:: Dataset extract ::

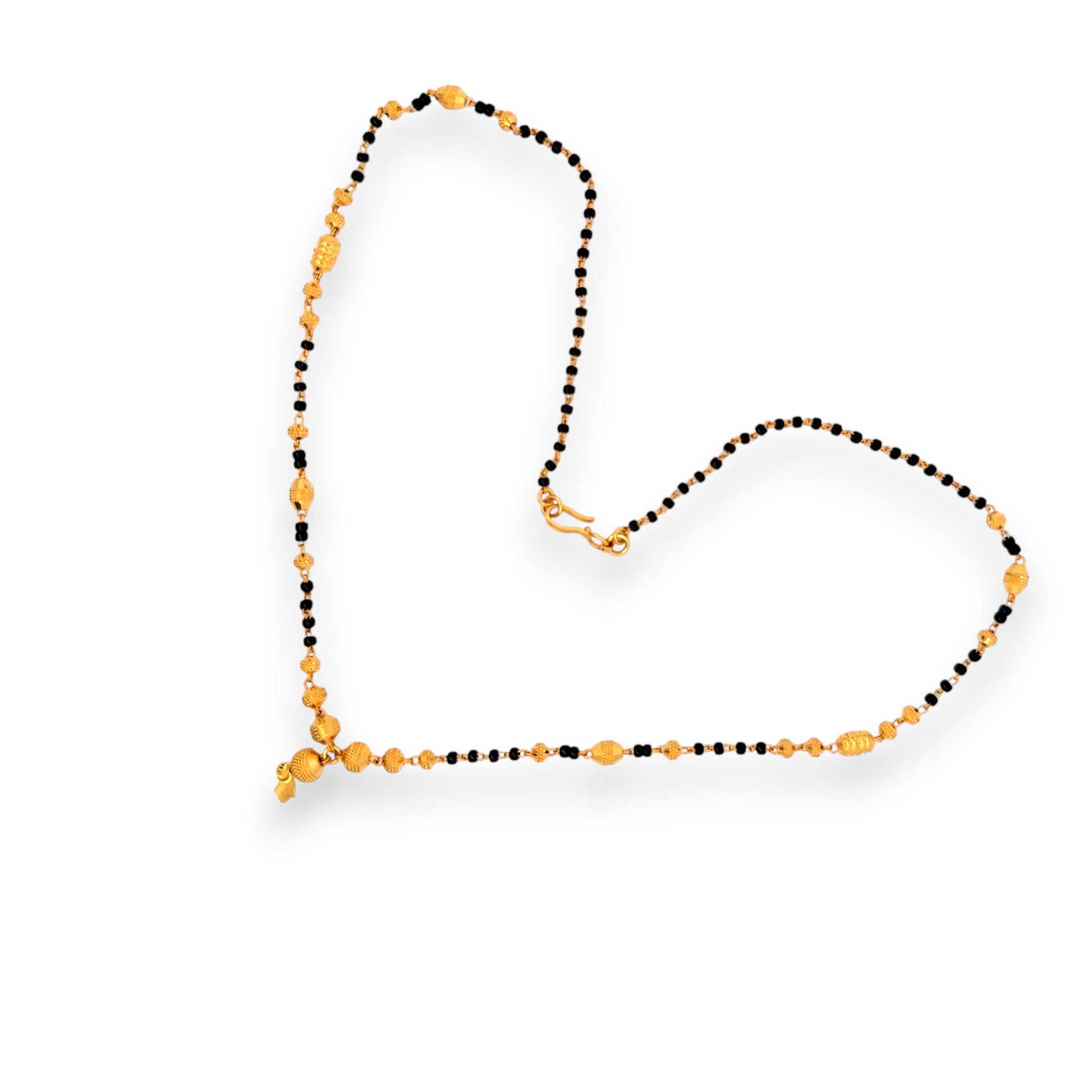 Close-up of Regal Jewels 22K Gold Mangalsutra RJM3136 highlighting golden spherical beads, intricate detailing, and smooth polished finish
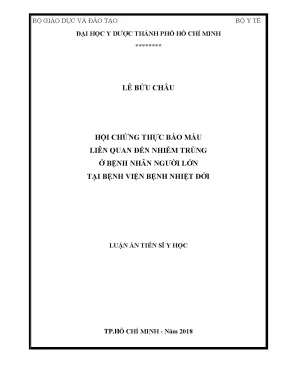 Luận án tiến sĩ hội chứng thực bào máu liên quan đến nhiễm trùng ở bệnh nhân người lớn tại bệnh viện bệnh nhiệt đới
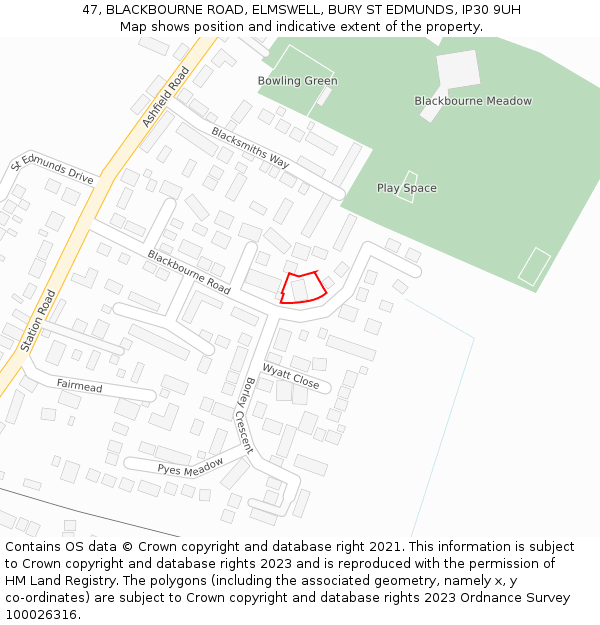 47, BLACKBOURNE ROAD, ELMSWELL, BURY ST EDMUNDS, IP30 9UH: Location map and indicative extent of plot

:::

— What you need to do —
Print the material above exactly as it appears, but not its pictures.

— Answer —
 Close-up of Regal Jewels 22K Gold Mangalsutra RJM3136 highlighting golden spherical beads, intricate detailing, and smooth polished finish
 Luận án tiến sĩ hội chứng thực bào máu liên quan đến nhiễm trùng ở bệnh nhân người lớn tại bệnh viện bệnh nhiệt đới
 47, BLACKBOURNE ROAD, ELMSWELL, BURY ST EDMUNDS, IP30 9UH: Location map and indicative extent of plot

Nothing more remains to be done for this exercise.